## Exercise brief
Working through the data below, reproduce word for word the line with "Uppdaterade Volkswagen Sharan" and every line after it, both ends included, and omit the pictures.

## Source data
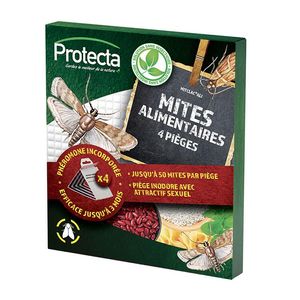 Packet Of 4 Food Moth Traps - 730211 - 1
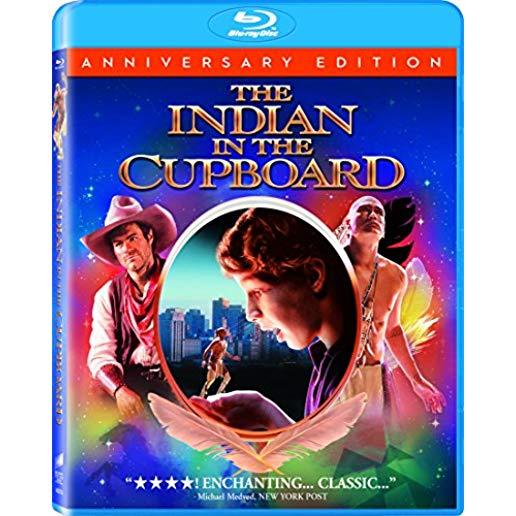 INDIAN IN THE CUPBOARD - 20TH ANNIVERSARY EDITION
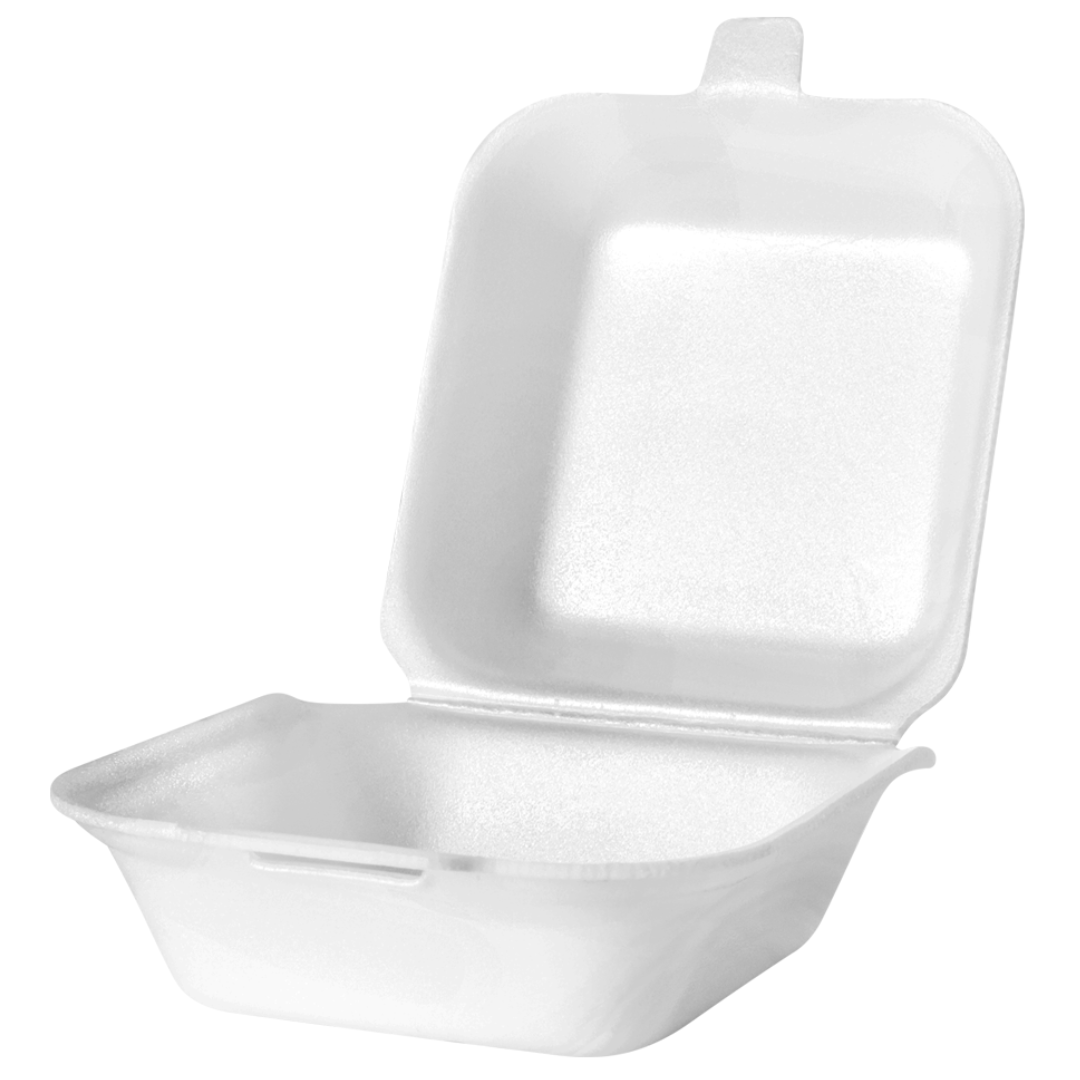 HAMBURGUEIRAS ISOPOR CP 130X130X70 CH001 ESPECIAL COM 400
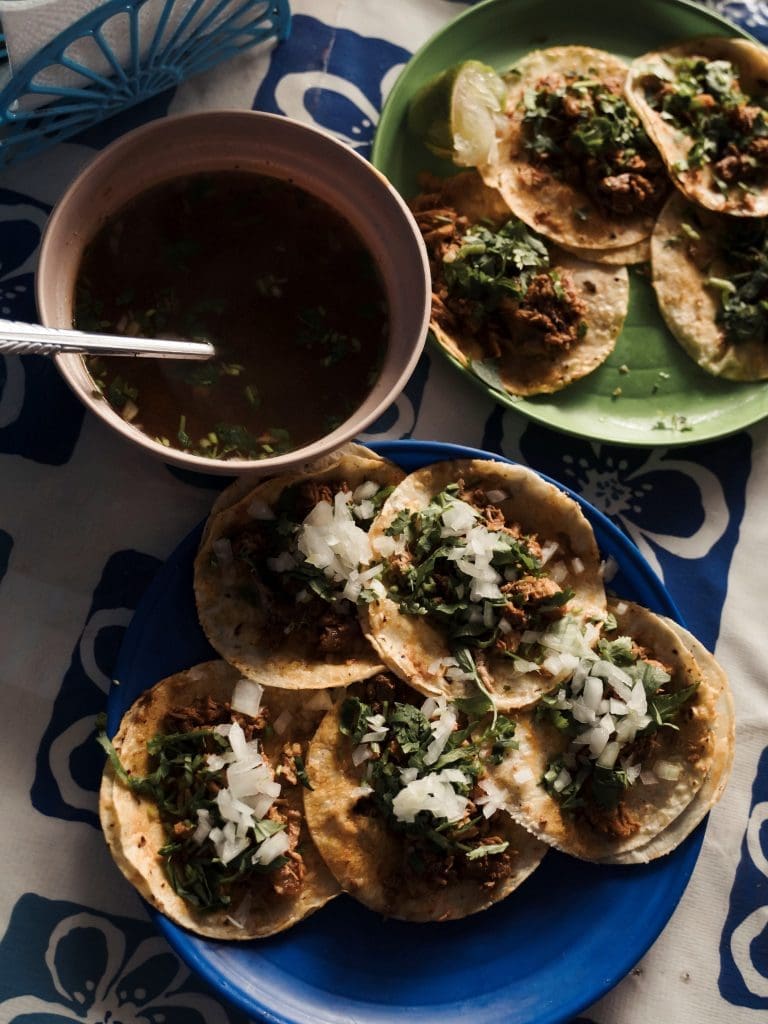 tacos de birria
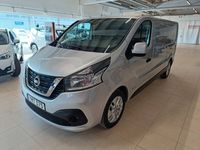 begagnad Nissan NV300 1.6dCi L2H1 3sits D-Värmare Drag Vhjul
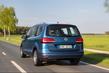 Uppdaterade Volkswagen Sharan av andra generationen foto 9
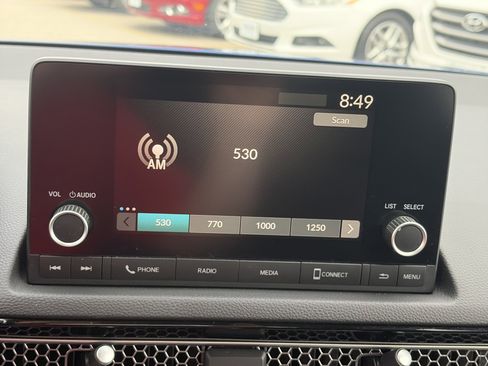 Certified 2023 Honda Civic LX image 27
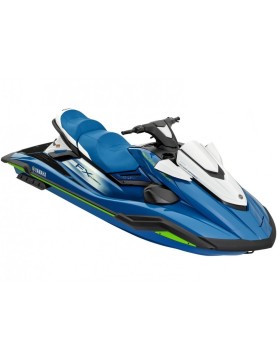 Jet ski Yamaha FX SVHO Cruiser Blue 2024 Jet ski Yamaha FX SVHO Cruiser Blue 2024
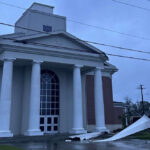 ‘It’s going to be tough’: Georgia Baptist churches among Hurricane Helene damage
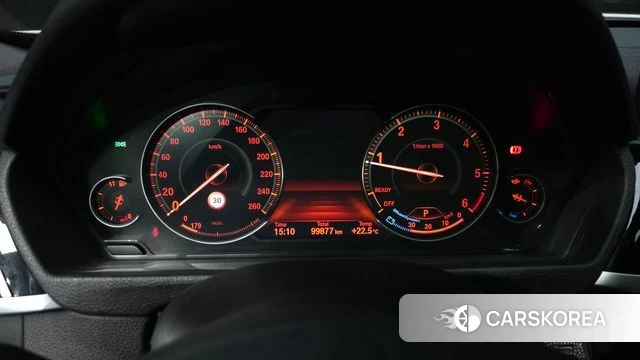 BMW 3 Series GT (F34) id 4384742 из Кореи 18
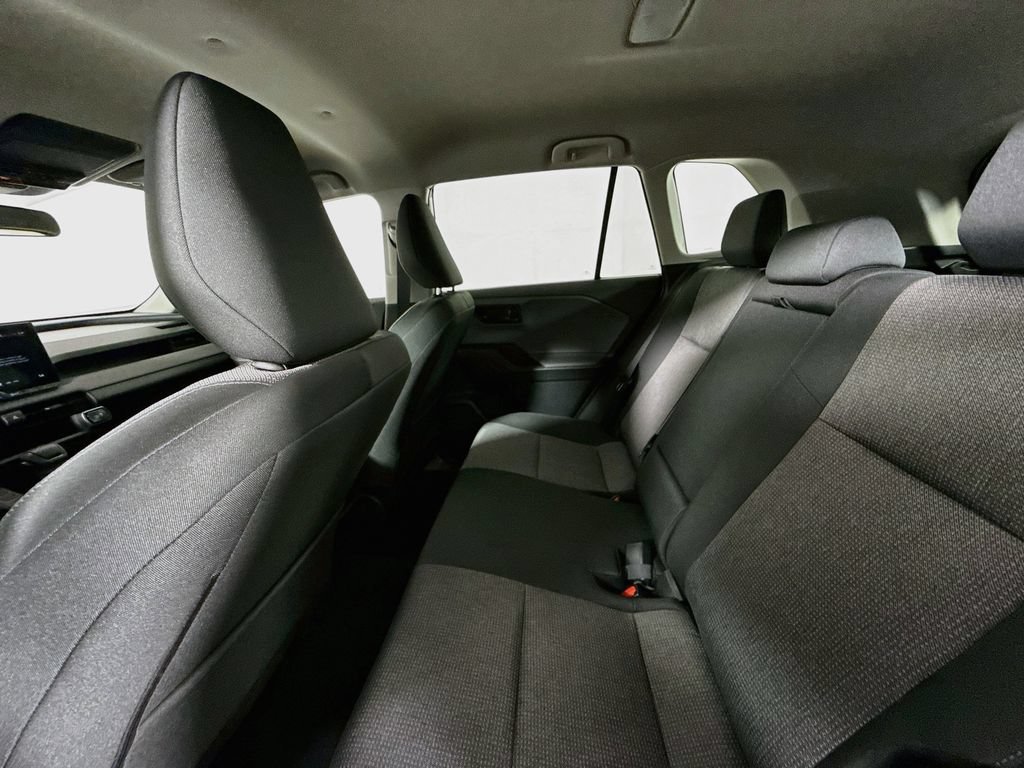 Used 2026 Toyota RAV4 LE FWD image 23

## Solution to the problem
 Uppdaterade Volkswagen Sharan av andra generationen foto 9
 Certified 2023 Honda Civic LX image 27
 Jet ski Yamaha FX SVHO Cruiser Blue 2024 Jet ski Yamaha FX SVHO Cruiser Blue 2024
 ‘It’s going to be tough’: Georgia Baptist churches among Hurricane Helene damage
 BMW 3 Series GT (F34) id 4384742 из Кореи 18
 Used 2026 Toyota RAV4 LE FWD image 23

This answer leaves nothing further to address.